Our cover story for January 2022 is all about the dazzling world of mirror camouflage. Amanda Franklin of University of Melbourne tells us about her latest research “Cracks in the mirror hypothesis: High specularity does not reduce detection or predation risk” and explains why all may not be as it seems.
How can an animal make itself invisible? Perhaps by perfectly mimicking a leaf or a twig, such as some frogs or stick insects. Or maybe by matching the colour and texture of the background, such as some moths. But, what about using a mirror to reflect the surrounding environment to improve match with the background? In the open ocean this can work, but, according to our new research, it doesn’t work on land.

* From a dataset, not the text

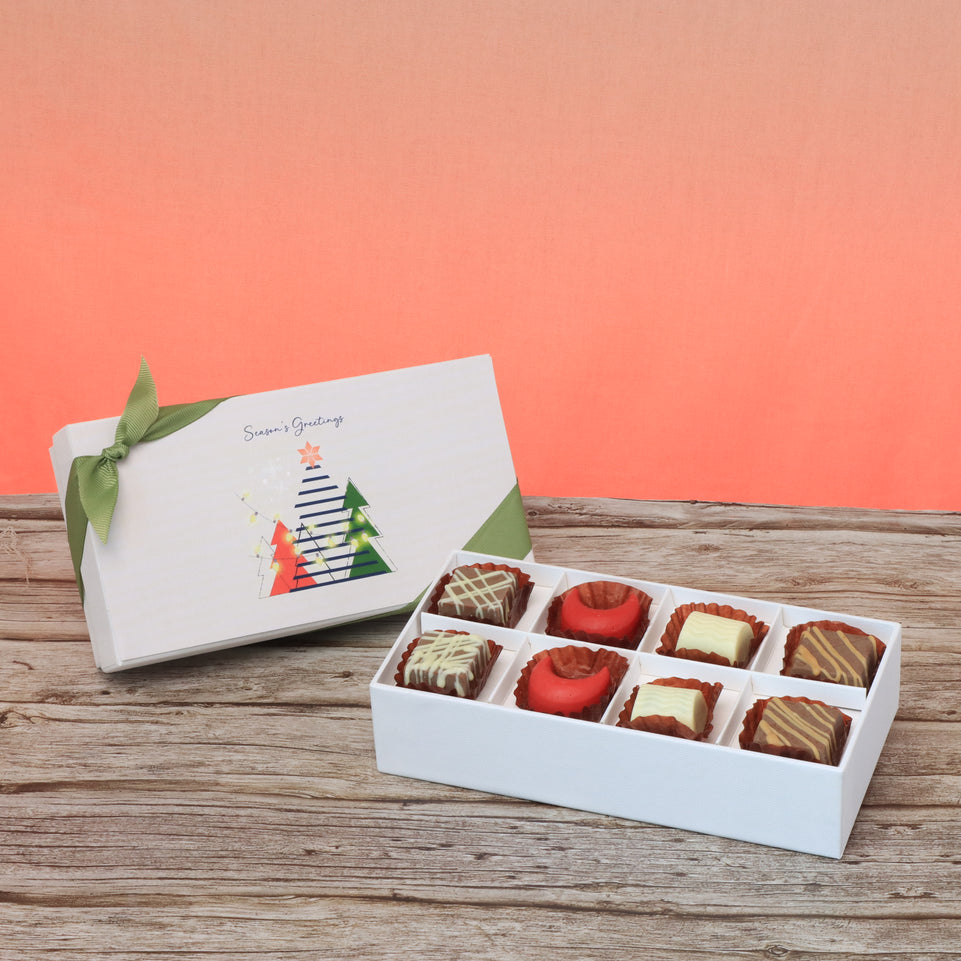 Set of 6 season's greeting designed premium chocolate 8p hard box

It has been suggested that mirror-like animals are hard to see because they blend into the background. The idea is that these animals reflect the surrounding environment and this helps them match the background. For example, silvery fish blend into the blue background of the open ocean by reflecting the blue water. In terrestrial environments, reflecting the surrounding environment could allow mirror-like animals to improve camouflage on a range of different backgrounds. But this idea has never been tested.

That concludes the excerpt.